### HOW TO COMPLETE THIS TASK
Repeat the listing exactly. Any picture in it should be left out of the copy.

### DATASET CONTENT
※
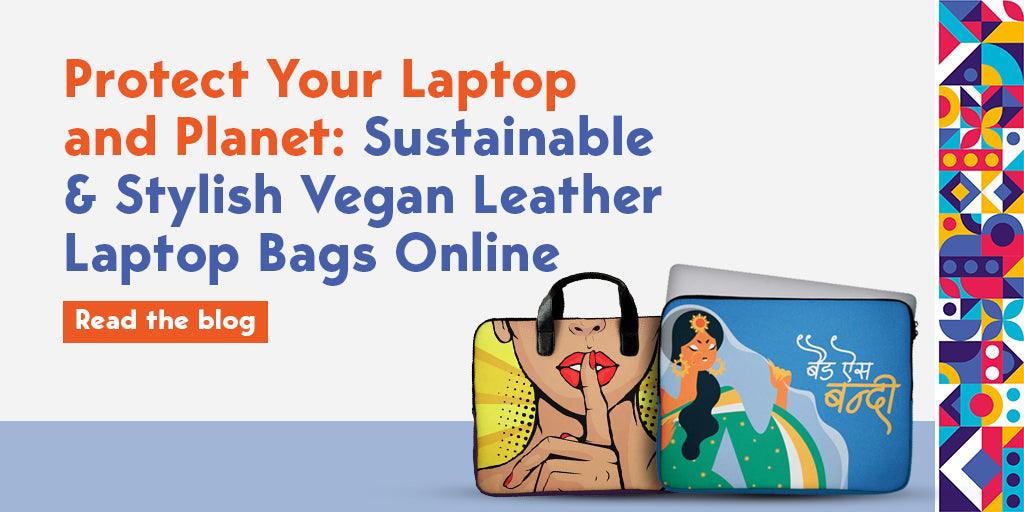 Protect Your Laptop and Planet: Sustainable & Stylish Vegan Leather Laptop Bags Online - Creative Dukaan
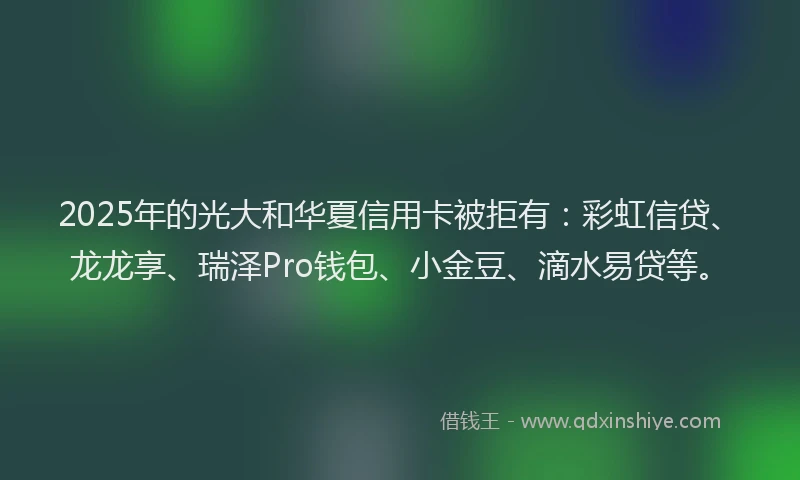 2025年的光大和华夏信用卡被拒有：彩虹信贷、龙龙享、瑞泽Pro钱包、小金豆、滴水易贷等。
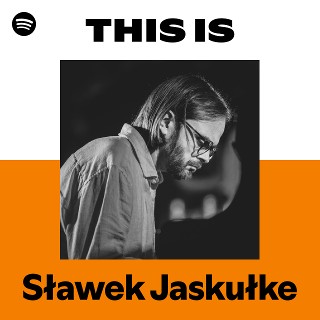 Sławek Jaskułke | Spotify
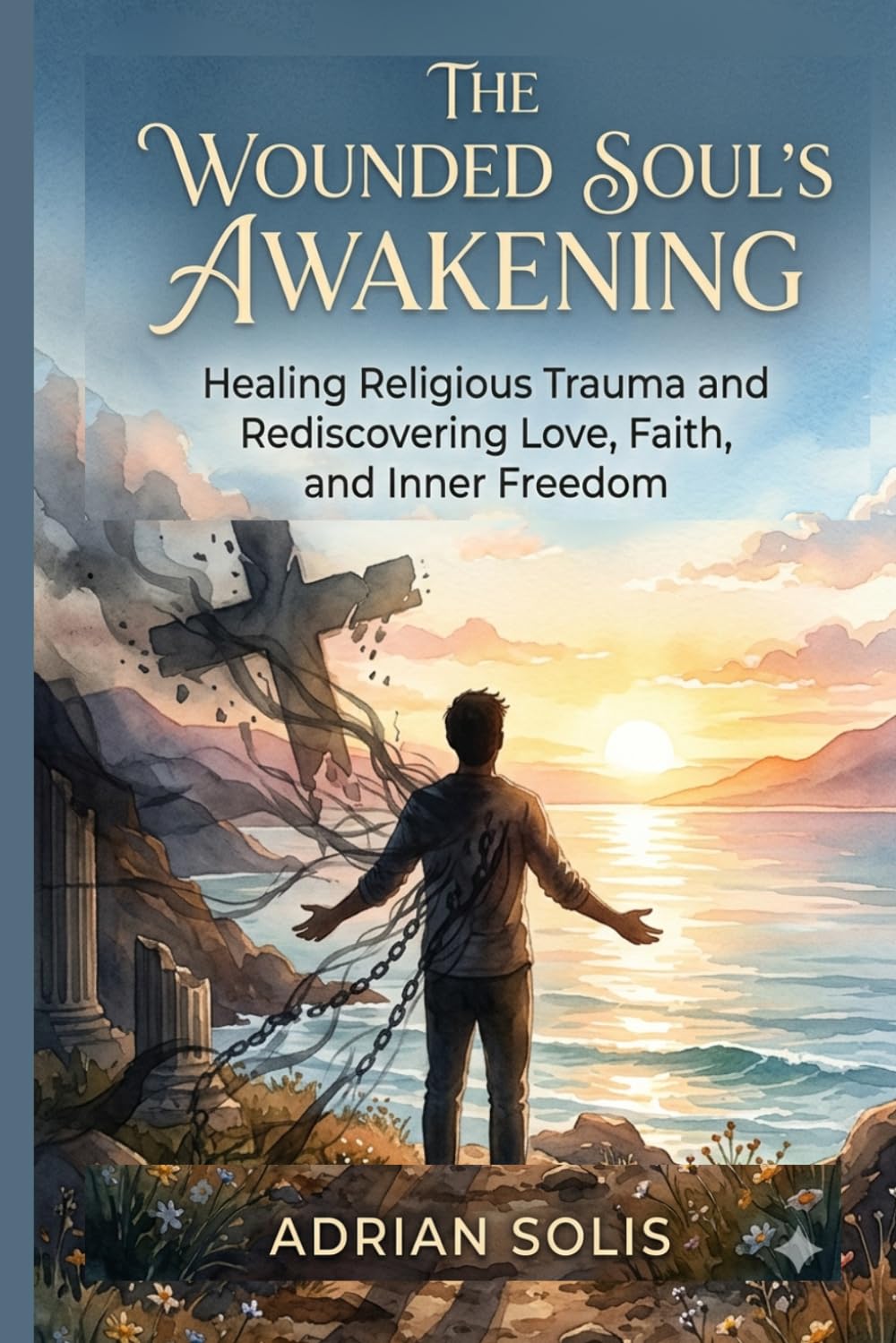 The Wounded Soul's Awakening: Healing Religious Trauma and Rediscovering Love, Faith, and Inner Freedom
※
### SOLUTION TO THIS TASK
 Protect Your Laptop and Planet: Sustainable & Stylish Vegan Leather Laptop Bags Online - Creative Dukaan
 2025年的光大和华夏信用卡被拒有：彩虹信贷、龙龙享、瑞泽Pro钱包、小金豆、滴水易贷等。
 Sławek Jaskułke | Spotify
 The Wounded Soul's Awakening: Healing Religious Trauma and Rediscovering Love, Faith, and Inner Freedom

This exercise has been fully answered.